Fantasy Focus
- Genre: Sports talk Comedy
- Running time: ~1 hour
- Country of origin: USA
- Home station: ESPN (2007-)
- Starring: Stephania Bell Matthew Berry Eric Karabell Field Yates Tristan H. Cockcroft Doug Kezirian John Cregan Tom Carpenter
- Original release: 2007 – present

= Fantasy Focus (podcast) =

Fantasy sports podcast

Fantasy Focus is a sports talk podcast devoted to fantasy sports. The show is available on iTunes, and ESPN Podcenter. The baseball show is hosted by Eric Karabell and Tristan Cockcroft, along with producer Daniel Dopp and injury analyst Stephania Bell. The football show is hosted by Field Yates, along with Bell, Dopp and Kyle Soppe. Matthew Berry hosted until 2022 when he took a position with NBC Sports. Nate Ravitz hosted until 2014, when he took on an internal position at ESPN, and was replaced by Yates. The basketball show was hosted by Doug Kezirian, John Cregan and Tom Carpenter until its completion.

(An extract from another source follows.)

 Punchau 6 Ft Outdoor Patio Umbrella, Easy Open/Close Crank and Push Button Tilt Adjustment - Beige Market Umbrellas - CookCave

The Fantasy Focus Football podcast is ESPN's most downloaded original-content podcast (and second overall behind only the podcast version of Pardon the Interruption). It consistently ranks among the top ten podcasts on iTunes and in August 2009, was the #1 audio podcast on all of iTunes. The show has won a total of five awards from PodcastAwards.com, including "Best Sports Podcast" in 2009, 2011, and 2012, and the overall "People's Choice" podcast in 2009 and 2012.

==Segments==

===The Name Game===
"The Name Game" is a rapid-fire question and answer segment, in which two players' values are compared against each other, with one ultimately being deemed the better choice based upon the fantasy league being discussed. The players discussed are often requested by listeners of the show, who submit their questions via email.

===The Board===
Ravitz, Berry, Karabell and Cockcroft make contradicting predictions on many zany issues, including how players will fare in an upcoming fantasy season, single week performance, and pop culture issues. These predictions are tracked "on the board", with the winner being the host who has the most accurate predictions at the end of the season.

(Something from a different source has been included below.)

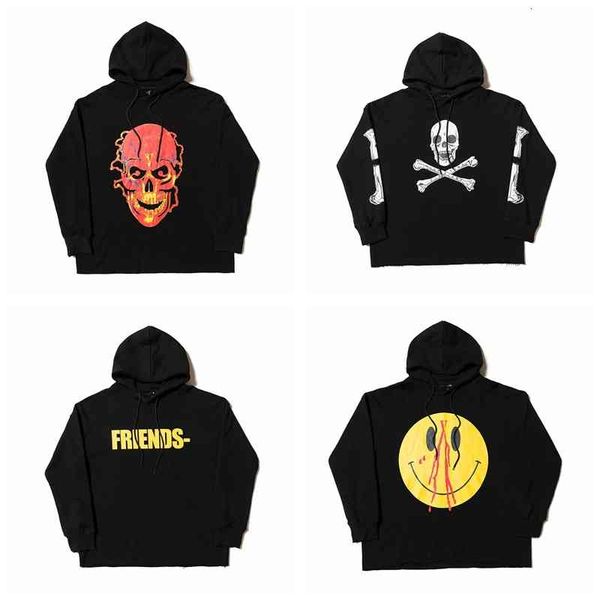 

men's hoodies & sweatshirts high street loose v-print hoodie 9mhz, Black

===Cousin of the Podcast===
Prior to taking over as co-host of the Fantasy Focus Baseball Podcast from Matthew Berry and Nate Ravitz Cockcroft was a frequent contributor. So much so that he earned the nickname "Cousin of the Podcast." Often taking the role of analyst alongside Ravitz, Cockcroft's fondness to calling player "streaky" was made famous by an oft-used drop on the show.

===And Sometimes Karabell and Cockcroft===
In 2013, Karabell and Cockcroft took over as co-hosts of the Friday edition of Fantasy Focus Baseball Podcasts. The change led Podcast theme songwriter Eric Hutchinson to produce a modified version of the theme song to be played on days when Cockcroft and Karabell hosted the show.

===Co-Host of Fantasy Focus Baseball Podcast===
On January 28, 2014 the era of Cockcroft and Karabell as full-time hosts of the Fantasy Focus Baseball Podcast began.

===Football Today Rivalry===
Soderberg commonly stated that he preferred producing the other ESPN podcast ESPN Football Today. Many hours of banter were created from this topic.

===League Formerly Known as the Man's League===
Cockcroft and Karabell are hosts of "The Man's League," a fantasy baseball league in which the listeners of the show play against Cockcroft, Karabell, and the show's producer, Jay Soderberg (aka Pod Vader). The "Man's League" was originally named as such due to the high number of team owners the league has, requiring participants to be knowledgeable of lesser known professional baseball players to be competitive. As of March 7, 2014, Cockcroft and Karabell have yet to officially announce the name of the league formerly known as the Man's League. However, they have indicated that admission to said league will be determined by Cockcroft, Karabell, and Soderberg on the simple basis of whether a listener's email can impress them.

===Geeky Stat of the Day===
One addition to the show brought by Cockcroft in the 2014 season is the Geeky Stat of the Day. During this segment of the show Cockcroft delivers an arcane stat that he expects will be useful to listeners as they evaluate their own fantasy teams.